[Start of Attachment]

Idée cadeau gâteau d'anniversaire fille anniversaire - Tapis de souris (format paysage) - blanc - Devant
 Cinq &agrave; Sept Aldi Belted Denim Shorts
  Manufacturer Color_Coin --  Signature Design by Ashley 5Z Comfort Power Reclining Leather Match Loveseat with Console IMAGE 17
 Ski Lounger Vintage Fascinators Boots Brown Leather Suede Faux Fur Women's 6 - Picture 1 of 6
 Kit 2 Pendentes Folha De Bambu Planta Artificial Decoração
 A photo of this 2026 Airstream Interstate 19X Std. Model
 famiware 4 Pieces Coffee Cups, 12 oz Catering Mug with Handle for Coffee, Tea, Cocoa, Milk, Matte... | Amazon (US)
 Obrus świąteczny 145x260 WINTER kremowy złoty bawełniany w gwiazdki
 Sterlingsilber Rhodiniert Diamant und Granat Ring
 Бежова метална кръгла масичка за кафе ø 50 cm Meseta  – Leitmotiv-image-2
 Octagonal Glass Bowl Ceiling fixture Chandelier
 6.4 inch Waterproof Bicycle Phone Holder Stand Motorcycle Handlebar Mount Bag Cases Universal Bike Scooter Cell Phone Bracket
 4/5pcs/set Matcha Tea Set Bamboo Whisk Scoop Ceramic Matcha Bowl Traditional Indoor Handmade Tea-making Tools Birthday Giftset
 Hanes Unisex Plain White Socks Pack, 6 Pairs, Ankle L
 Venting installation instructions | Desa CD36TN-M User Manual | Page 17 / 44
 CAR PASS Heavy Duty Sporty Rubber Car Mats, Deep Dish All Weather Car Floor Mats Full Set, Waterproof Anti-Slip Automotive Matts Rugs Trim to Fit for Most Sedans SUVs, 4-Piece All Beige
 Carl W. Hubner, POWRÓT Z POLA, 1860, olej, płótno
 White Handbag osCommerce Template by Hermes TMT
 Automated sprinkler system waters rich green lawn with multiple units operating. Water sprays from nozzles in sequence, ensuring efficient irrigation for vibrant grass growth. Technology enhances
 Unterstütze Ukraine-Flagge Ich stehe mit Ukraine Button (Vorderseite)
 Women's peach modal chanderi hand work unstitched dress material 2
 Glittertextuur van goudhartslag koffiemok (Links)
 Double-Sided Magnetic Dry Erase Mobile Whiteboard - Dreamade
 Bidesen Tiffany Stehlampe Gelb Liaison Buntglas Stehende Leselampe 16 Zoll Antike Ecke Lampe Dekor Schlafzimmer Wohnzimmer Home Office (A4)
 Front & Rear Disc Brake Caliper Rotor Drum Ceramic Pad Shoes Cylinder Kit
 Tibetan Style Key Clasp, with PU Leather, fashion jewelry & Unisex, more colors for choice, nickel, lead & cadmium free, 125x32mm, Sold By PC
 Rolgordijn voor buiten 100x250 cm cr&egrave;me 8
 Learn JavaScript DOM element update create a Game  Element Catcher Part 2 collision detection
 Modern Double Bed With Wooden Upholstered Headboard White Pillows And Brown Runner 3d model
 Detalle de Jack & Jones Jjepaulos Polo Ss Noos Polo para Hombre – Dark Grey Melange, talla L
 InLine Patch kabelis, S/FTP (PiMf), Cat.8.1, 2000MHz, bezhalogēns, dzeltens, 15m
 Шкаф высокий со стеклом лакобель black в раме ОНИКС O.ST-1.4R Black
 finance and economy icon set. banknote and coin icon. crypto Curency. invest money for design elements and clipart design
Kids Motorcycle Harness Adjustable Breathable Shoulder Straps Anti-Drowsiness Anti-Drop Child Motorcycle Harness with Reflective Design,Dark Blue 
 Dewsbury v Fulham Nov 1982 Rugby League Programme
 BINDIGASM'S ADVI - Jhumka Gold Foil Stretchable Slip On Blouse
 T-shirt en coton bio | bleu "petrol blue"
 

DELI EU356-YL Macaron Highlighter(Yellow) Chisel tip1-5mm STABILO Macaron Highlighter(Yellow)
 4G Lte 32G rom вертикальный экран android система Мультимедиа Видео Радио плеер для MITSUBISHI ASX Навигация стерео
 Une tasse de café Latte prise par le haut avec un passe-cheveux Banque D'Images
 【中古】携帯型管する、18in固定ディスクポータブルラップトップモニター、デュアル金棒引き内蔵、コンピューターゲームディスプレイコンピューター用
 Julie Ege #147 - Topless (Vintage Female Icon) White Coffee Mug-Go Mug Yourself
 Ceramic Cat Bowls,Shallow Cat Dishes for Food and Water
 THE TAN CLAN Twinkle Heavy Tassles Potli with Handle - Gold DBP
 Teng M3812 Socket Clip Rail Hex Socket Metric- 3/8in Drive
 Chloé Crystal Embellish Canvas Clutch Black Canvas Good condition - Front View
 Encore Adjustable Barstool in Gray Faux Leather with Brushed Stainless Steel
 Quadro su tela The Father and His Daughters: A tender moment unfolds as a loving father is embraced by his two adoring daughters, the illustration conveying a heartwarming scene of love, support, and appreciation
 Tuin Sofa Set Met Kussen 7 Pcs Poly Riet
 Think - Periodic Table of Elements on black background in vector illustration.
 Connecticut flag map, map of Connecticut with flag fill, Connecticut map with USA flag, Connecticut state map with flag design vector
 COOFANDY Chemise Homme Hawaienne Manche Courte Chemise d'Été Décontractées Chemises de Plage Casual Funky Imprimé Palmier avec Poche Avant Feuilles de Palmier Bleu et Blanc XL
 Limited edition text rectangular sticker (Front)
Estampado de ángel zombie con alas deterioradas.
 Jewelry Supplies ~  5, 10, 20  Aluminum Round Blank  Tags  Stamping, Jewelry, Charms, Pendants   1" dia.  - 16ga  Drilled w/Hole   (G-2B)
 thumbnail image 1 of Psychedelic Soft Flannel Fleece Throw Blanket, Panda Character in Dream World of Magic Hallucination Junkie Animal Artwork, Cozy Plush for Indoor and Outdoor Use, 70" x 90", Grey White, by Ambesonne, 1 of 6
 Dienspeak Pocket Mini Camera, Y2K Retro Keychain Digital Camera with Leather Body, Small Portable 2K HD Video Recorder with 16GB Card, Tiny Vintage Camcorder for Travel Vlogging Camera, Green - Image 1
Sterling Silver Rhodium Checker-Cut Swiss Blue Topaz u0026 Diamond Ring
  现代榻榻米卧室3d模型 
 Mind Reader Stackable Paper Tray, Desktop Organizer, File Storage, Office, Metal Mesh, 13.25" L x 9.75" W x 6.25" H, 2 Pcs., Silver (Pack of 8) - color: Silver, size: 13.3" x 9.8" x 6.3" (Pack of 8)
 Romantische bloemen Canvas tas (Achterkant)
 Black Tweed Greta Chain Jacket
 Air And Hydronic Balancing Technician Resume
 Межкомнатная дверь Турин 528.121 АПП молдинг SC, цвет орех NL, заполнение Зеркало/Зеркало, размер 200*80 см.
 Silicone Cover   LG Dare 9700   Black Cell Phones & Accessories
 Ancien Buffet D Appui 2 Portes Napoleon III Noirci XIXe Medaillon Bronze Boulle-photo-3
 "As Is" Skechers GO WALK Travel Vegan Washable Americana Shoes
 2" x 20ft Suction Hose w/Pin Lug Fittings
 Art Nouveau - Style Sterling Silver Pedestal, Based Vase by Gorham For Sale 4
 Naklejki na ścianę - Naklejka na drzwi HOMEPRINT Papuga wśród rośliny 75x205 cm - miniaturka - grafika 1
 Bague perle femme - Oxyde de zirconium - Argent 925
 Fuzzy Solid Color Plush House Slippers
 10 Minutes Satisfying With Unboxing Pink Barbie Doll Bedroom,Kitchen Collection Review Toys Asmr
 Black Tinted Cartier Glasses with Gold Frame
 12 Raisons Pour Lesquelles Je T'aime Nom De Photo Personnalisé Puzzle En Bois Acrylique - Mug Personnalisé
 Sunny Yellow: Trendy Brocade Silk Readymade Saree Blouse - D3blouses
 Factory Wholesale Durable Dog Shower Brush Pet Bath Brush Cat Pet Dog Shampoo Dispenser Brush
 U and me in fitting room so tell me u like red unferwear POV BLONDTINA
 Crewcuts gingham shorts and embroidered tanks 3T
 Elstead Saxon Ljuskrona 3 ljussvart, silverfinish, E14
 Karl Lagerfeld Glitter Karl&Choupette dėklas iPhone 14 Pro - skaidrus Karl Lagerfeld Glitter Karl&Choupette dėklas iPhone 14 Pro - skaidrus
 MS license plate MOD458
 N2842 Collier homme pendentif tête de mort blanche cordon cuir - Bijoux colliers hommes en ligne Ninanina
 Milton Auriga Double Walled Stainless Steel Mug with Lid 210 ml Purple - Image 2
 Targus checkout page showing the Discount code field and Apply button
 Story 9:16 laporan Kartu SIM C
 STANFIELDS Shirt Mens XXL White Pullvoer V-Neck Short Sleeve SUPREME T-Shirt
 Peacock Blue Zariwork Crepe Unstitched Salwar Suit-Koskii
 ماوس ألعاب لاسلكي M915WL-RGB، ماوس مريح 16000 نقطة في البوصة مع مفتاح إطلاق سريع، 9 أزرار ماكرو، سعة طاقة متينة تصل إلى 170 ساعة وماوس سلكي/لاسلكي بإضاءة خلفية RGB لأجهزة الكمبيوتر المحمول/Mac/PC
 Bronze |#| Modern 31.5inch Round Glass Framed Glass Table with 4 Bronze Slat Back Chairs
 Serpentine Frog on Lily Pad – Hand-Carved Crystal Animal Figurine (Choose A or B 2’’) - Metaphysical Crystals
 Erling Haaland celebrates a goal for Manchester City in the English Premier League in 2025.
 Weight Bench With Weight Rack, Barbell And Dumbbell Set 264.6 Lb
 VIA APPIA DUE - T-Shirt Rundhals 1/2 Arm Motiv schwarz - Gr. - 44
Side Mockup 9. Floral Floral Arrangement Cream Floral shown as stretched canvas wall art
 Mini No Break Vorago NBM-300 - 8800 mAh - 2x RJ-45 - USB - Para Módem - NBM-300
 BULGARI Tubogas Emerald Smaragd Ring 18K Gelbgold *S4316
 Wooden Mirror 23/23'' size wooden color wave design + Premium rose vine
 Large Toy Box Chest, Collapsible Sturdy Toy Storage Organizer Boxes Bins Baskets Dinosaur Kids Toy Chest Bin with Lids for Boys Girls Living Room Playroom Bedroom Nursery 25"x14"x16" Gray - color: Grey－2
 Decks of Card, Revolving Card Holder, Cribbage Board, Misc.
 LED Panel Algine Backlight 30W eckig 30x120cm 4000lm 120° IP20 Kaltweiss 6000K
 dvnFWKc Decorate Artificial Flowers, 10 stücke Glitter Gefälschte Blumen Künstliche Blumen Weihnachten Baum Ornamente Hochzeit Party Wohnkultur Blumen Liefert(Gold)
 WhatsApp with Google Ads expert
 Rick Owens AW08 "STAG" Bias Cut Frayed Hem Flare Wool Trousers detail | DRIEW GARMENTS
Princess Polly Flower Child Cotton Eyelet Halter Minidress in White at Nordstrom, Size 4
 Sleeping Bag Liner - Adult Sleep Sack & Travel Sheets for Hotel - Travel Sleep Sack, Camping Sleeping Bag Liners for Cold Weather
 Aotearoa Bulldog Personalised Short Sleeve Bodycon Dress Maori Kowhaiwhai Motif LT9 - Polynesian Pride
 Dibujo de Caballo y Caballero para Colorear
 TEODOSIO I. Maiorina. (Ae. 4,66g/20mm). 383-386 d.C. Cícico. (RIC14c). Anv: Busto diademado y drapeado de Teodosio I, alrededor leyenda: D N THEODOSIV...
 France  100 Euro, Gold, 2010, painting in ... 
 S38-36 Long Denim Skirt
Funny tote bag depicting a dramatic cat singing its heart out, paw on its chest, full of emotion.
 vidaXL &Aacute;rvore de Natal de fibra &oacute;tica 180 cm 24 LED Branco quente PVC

[End of Attachment]

Return, unchanged, the run of lines above that opens with the line containing "6.4 inch Waterproof" and closes with the line containing "Hanes Unisex Plain". Include both.

ANSWER TO THE EXERCISE:
 6.4 inch Waterproof Bicycle Phone Holder Stand Motorcycle Handlebar Mount Bag Cases Universal Bike Scooter Cell Phone Bracket
 4/5pcs/set Matcha Tea Set Bamboo Whisk Scoop Ceramic Matcha Bowl Traditional Indoor Handmade Tea-making Tools Birthday Giftset
 Hanes Unisex Plain White Socks Pack, 6 Pairs, Ankle L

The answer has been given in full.